Emas pertama Badminton yang diharapkan mampu disumbangkan oleh tim beregu Putri Indoneisa akhirnya harus kandas setelah Ganda Kedua, Vita Marisa/Liliyana Natsir menyerah dari ganda Thailand Savitree Amitrapai/Saralee Thoungthongkam 21-19, 16-21, 24-22 di partai keempat.  Dalam tiga partai sebelumnya, Thailand memimpin 2-1 melalui dua tunggalnya Prontip dan Inthanon yang masing-masing mengalahkan Lindaweni dan Firdasari, sementara kemenangan Indonesia disumbangkan ganda pertama Anneke Agustine/Nitya Khrisninda Maheswari yang mengalahkan Duanganong Aroonkesorn/Kunchala Voravichitchaiku dengan straight set.  Kekalahan yang cukup menyesakkan bagi pecinta Badminton Indonesia, terkhusus mereka yang hadir dan memebrikan dukungan langsung di ISTORA, terlebih setelah Vita/Lili sempat mendapat beberapa kali kesempatan game point.

Tim Bulu tangkis Putri Thailand Memamerkan Medali Emasnya

Kekalahan ini bagi penulis pribadi sebagai pecinta badminton tentu sama sekali tidak menyenangkan, namun untuk dikatakan menyakitkan pun sebenarnya tidak terlalu karena pada dasarnya hasil ini untuk saat ini bisa dikatakan sebagai hasil  terbaik.  Sedari awal, Indonesia memang diunggulkan di tempat kedua di bawah Thailand, sang peraih emas.  Penentuan posisi unggulan ditentukan oleh akumulasi peringkat para pemainnnya.  Jika kemudian kita berada di peringkat kedua, artinya secara keseluruhan peringkat pemain kita berada di bawah pemain Thailannd.  Fakta  ini sedikit banyak membuktikan bahwa hari ini prestasi Badminton Indonesia, khususnya di sektor putri, belum bisa kembali setangguh dahulu bahkan tidak lebih tangguh dari era Piala Uber lalu.  Postingan ini penulis buat sama sekali bukan untuk kepentingan provokasi atau lebih jauh untuk menebar pesimisme serta bentuk sinisme pada Badminton Indonesia.  
Pasangan Senior, Vita Marissa/Liliyana natsir yang kembali berpasangan setelah cukup lama  "berpisah"

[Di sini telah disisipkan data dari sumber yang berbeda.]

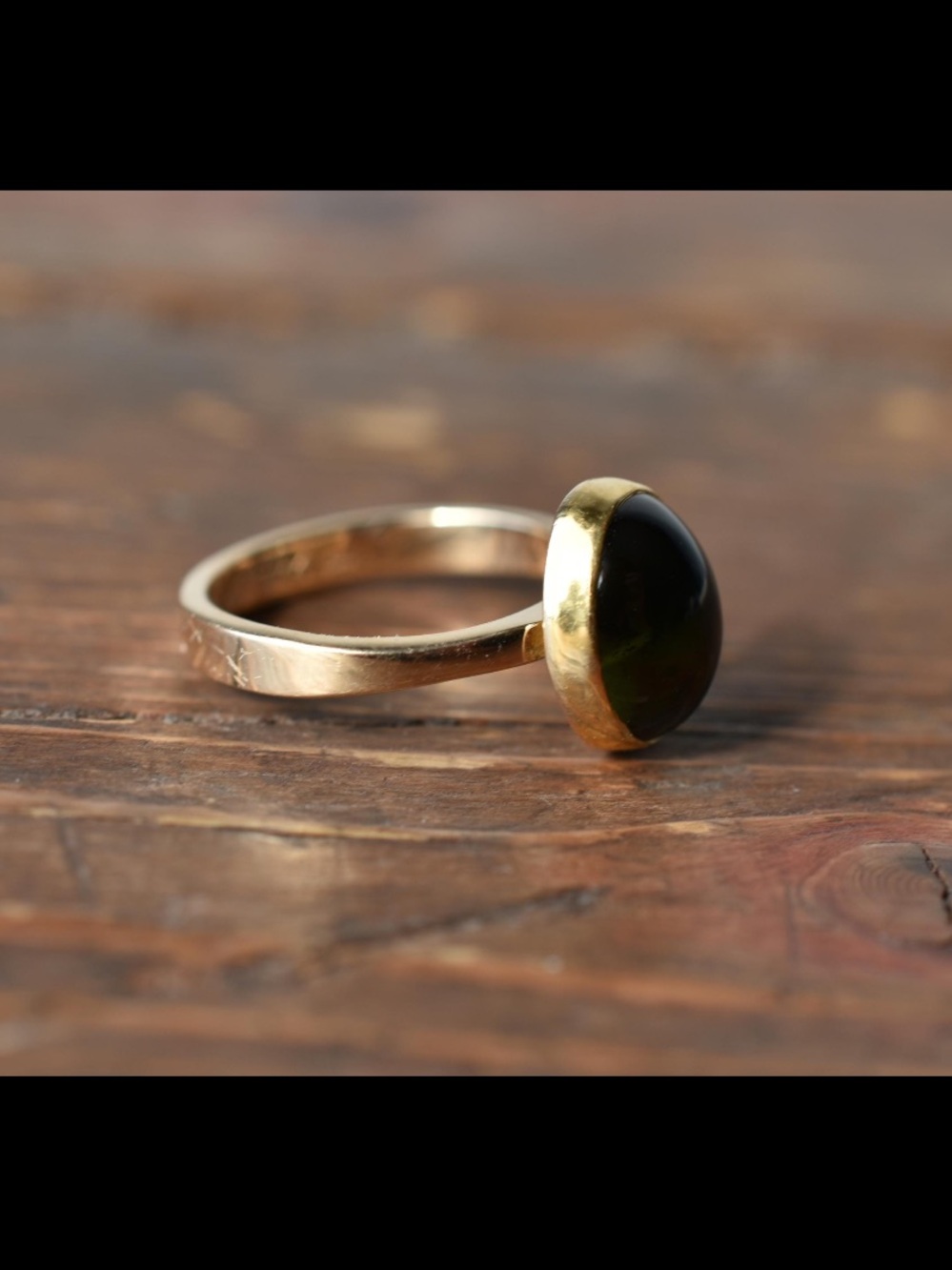 22k Gold Bezel Set Green Tourmaline on a 14k Gold Band Ring Size 5.75 Estate - Picture 6 of 11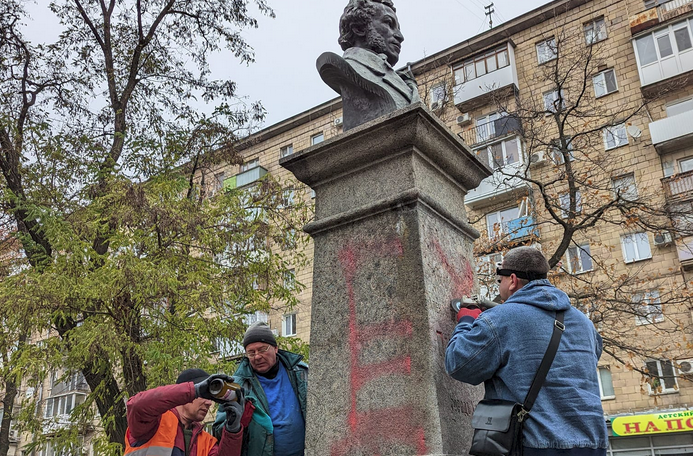 В Харькове памятник Пушкину разрисовали красной краской (фото)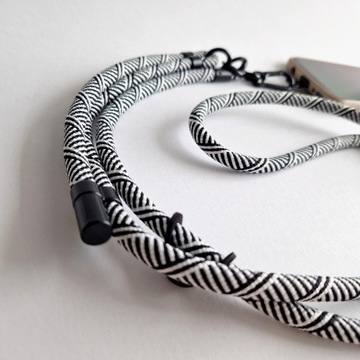 SMYCZ DO TELEFONU CZARNA BIAŁA REGULOWANA DOBRA JAKOŚĆ GRUBY SZNUREK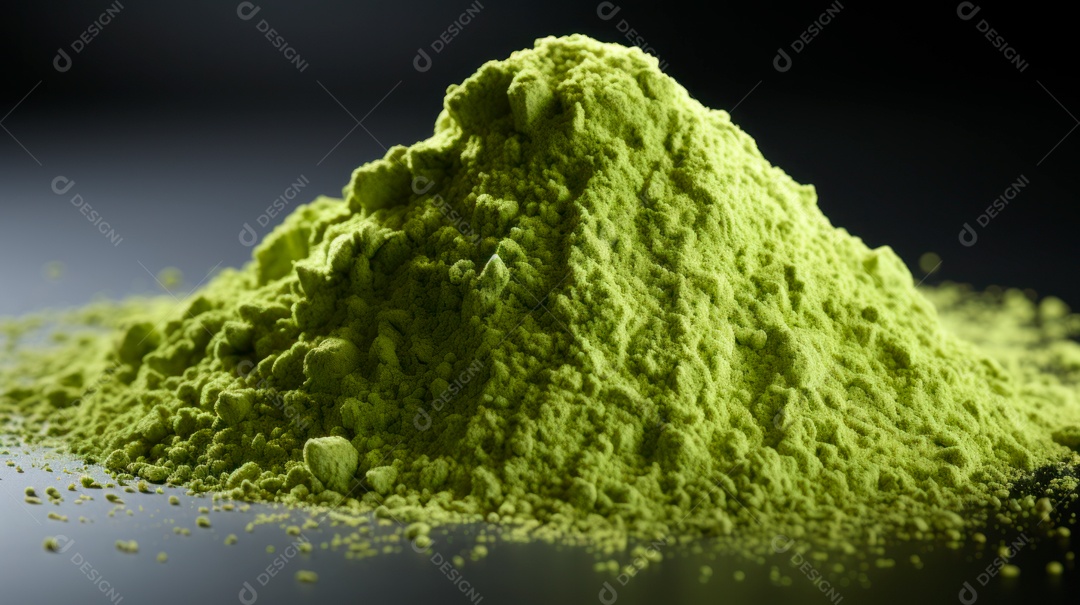 Chá sobre uma mesa de madeira.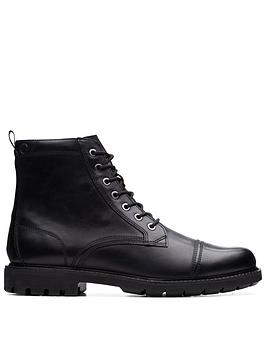 clarks batcombe cap boots - black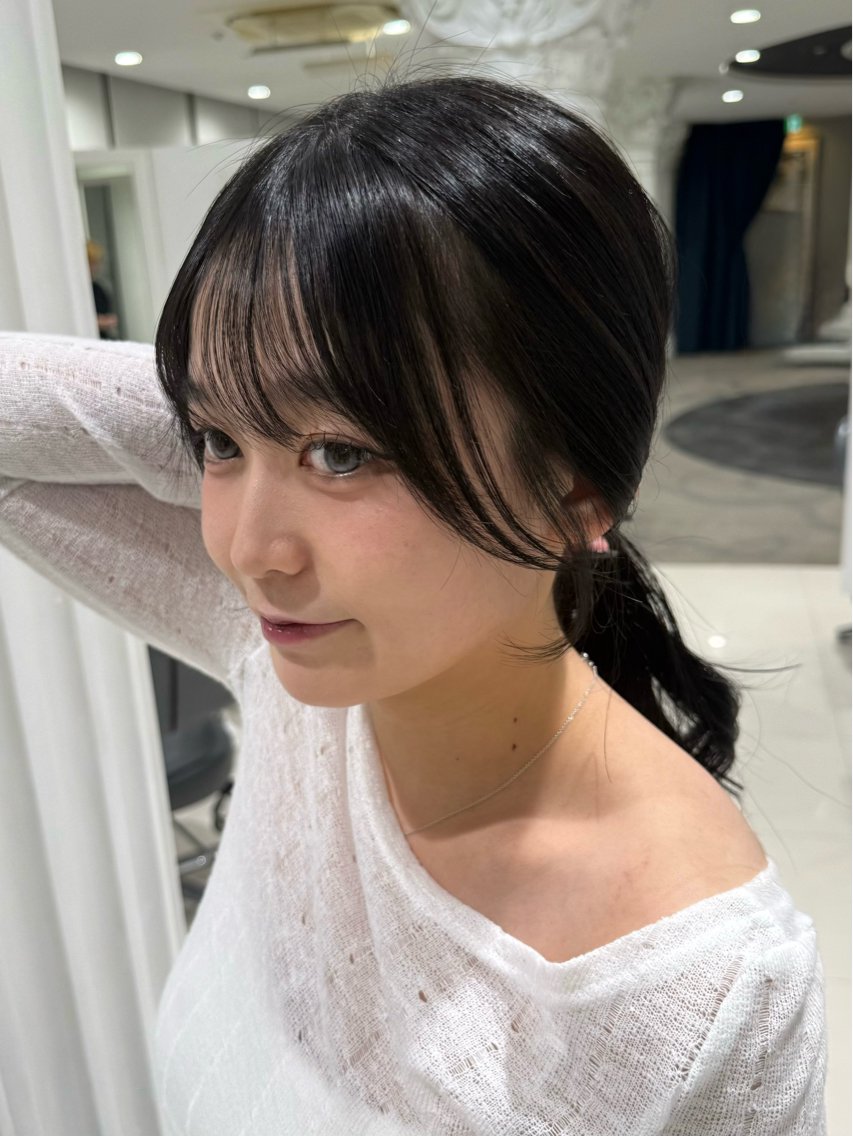 ロング 顔周りカット 中村 日南のヘアスタイル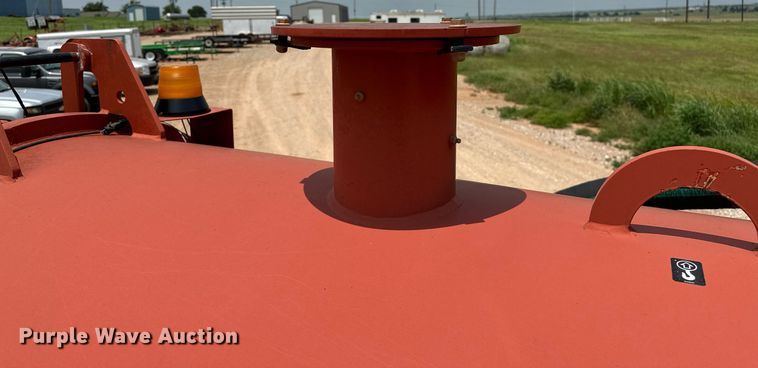 image for item OG9088 2005 Chevrolet C6500  hydrovac truck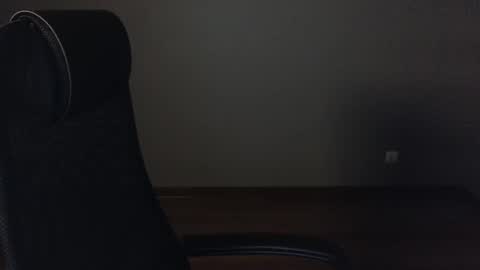 Snapshot of danila_trezzini chatting on May 27, 1:57 am danila online show from May 27, 1:57 am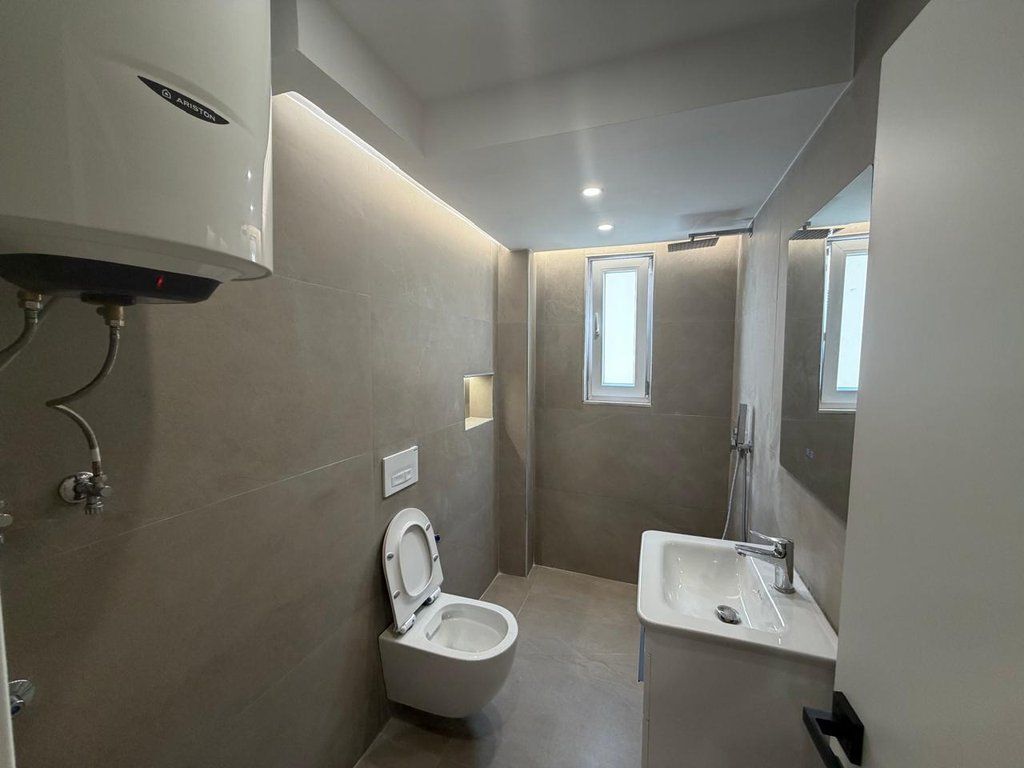 Shitet, Apartament 1+1 , Rruga Mine Peza, Tiranë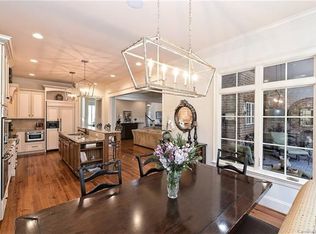 1736 Shadow Forest Dr, Matthews, NC 28105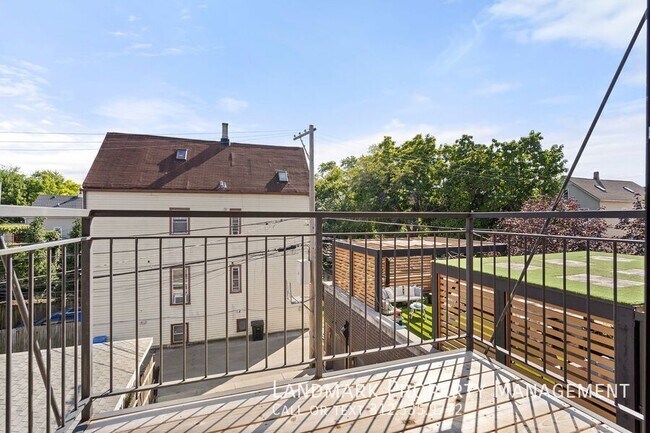 Building Photo - 2257 W Belmont Ave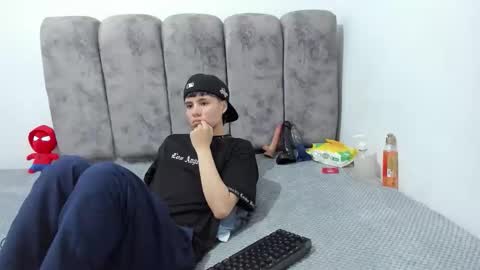Snapshot of bruno_cruz chatting on 06/11/26, 03:15 Bruno Cruz online show from 06/11/26, 03:15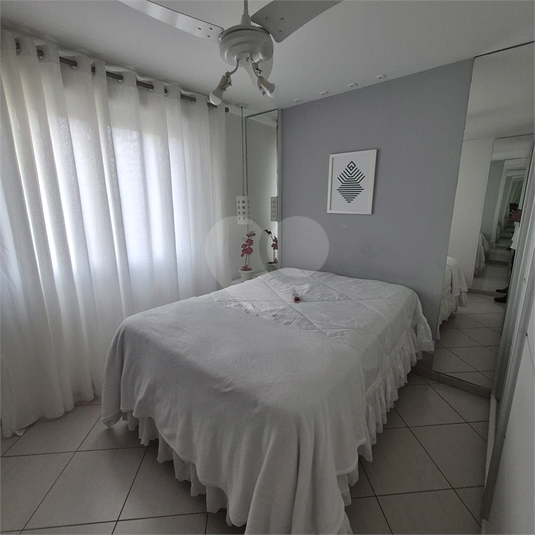 Foto REO1099499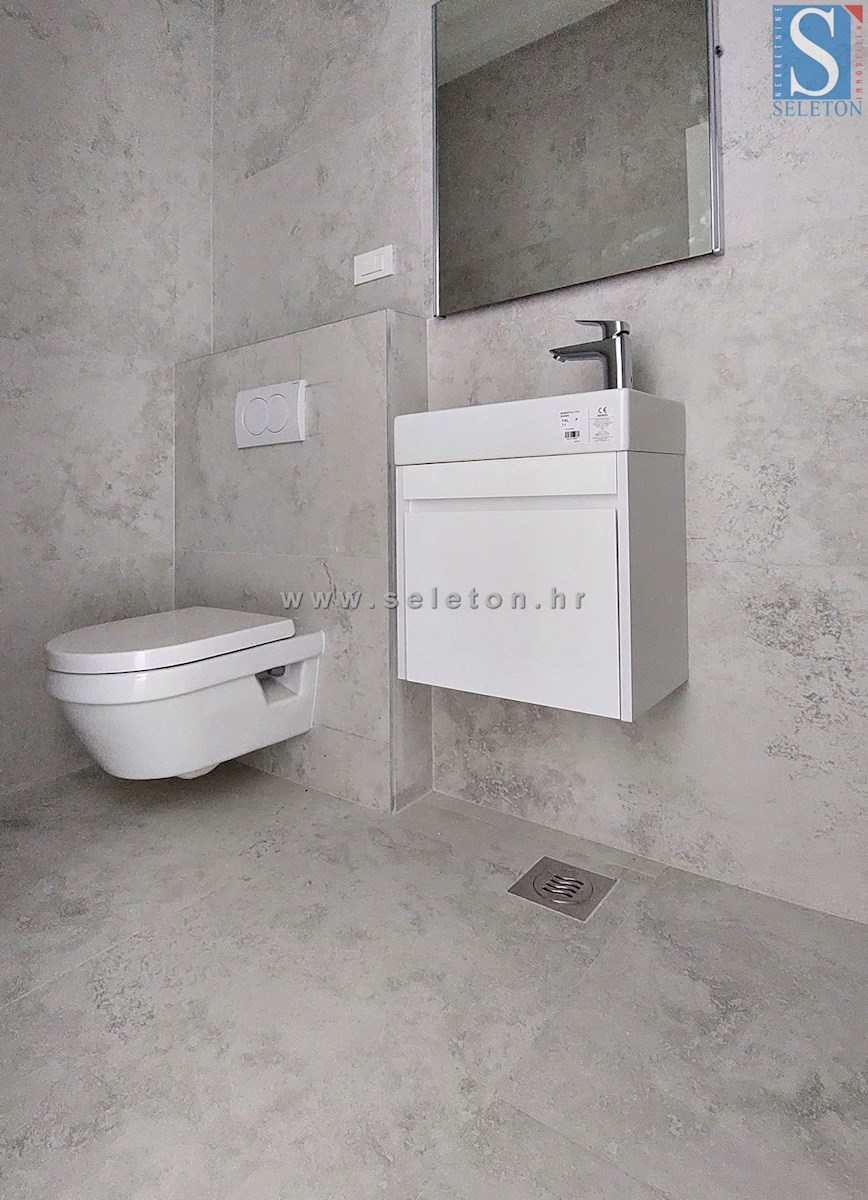 Poreč-Parenzo - nuovo appartamento di 88 m2 con giardino, due posti auto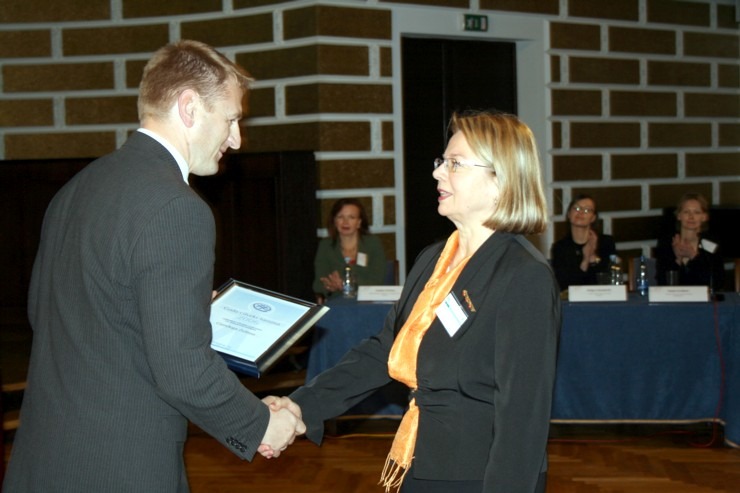 Tiek sveikti «GADA CILVĒKS TŪRISMĀ 2006» laureāti 385159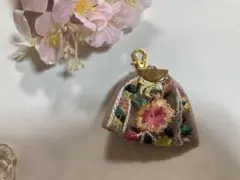 Item thumbnail for item 7c4320a2-363d-426e-9d13-ec5749c72baa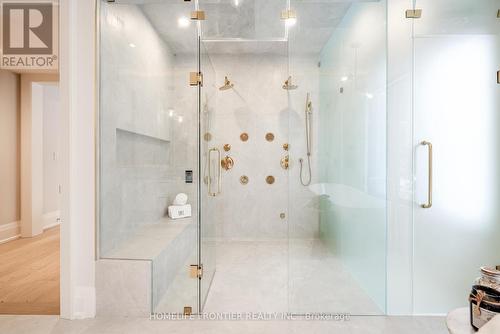 44 Alexandra Blvd, Toronto, ON - Indoor Photo Showing Bathroom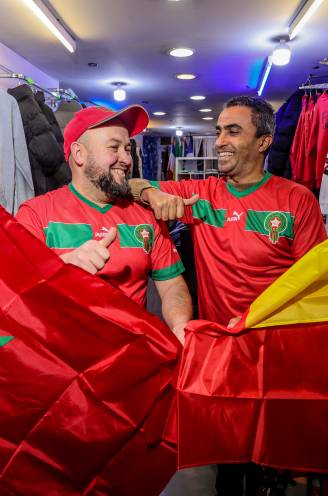Marokkaanse voetbalsupporters in de Antwerpse Seefhoek: “Toeterende auto’s, dansende mensen, alleen daarvoor zou ik willen dat Marokko wint”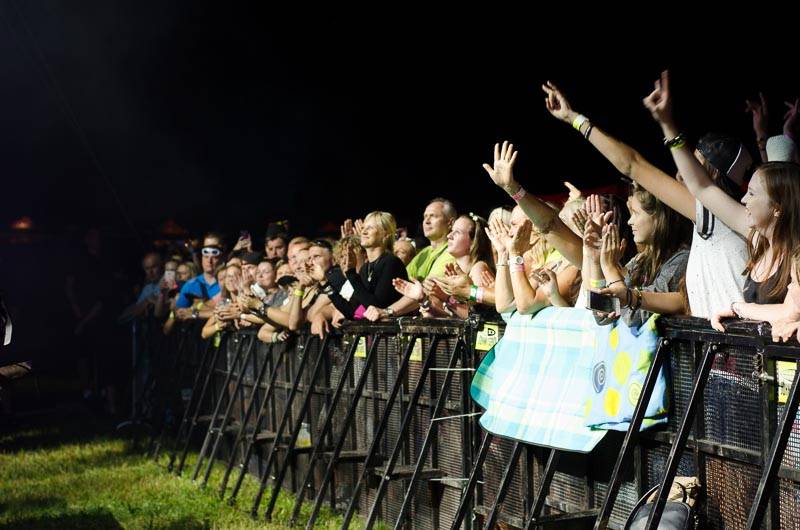 Hrady CZ: Zimní královna Lucie Bílá si s Arakainem podmanila Rožmberk, hráli i Visací zámek nebo Rybičky 48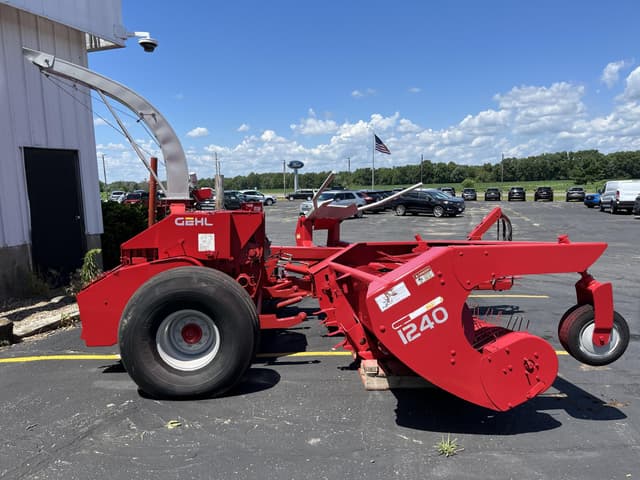 Image of Gehl HA1240 equipment image 2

Sungguh, penulis adalah salah satu pecinta badminton Indonesia yang telah tersihir oleh permainan para atlet sejak era Taufik Hidayat baru menginjak usia sweet seventeen.  Penulis masih ingat betapa antusianya penulis menyaksikan partai menegangkan antara aa Opik dengan pemain Cina di partai kelima set ketiga Thomas Cup, partai penentuan yang akhirnya Alhamdulillah dimenangkan aa Opik sehingga lagu Indonesia Raya pun berkumandang.  Ada sebuncah kebahagiaan yang mengaliri dada ini, aahh…betapa membahagiakannya masa-masa itu.  Kalau tidak salah ingat, saat itu tahun 1998, ketika penulis masih duduk di kelas 3 SD.  Opik, yang kala itu masih sangat muda, tengah on fire on fire nya hingga ia meraih emas di Olimpiade Athena 2004 dan ASIAN GAMES Doha 2006.  Penulis pun masih terngiang masa-masa kejayaan ganda campura Nova/Lili, mulai dari awal mereka dipasangkan hingga mencapai masa jayanya dan kini telah “diceraikan” dan punya pasangan masing-masing.  Lili, yang dulu sempat main di ganda putri juga, kini hanya fokus di ganda campuran berpasangan dengan pemain muda Tontowi Ahmad.  Sementara Nova, kini telah “rujuk” dengan pasangan lamanya, Vita Marisa.  Pun begitu dengan regenerasi di sector ganda putra mulai dari era Chandra Wijaya/Sigit Budiarto, Alvent Yulianto/Luluk Hadiyanto, Markis Kido/Hendra Setiawan, hingga era Mohammad Ahsan/Bona Septano.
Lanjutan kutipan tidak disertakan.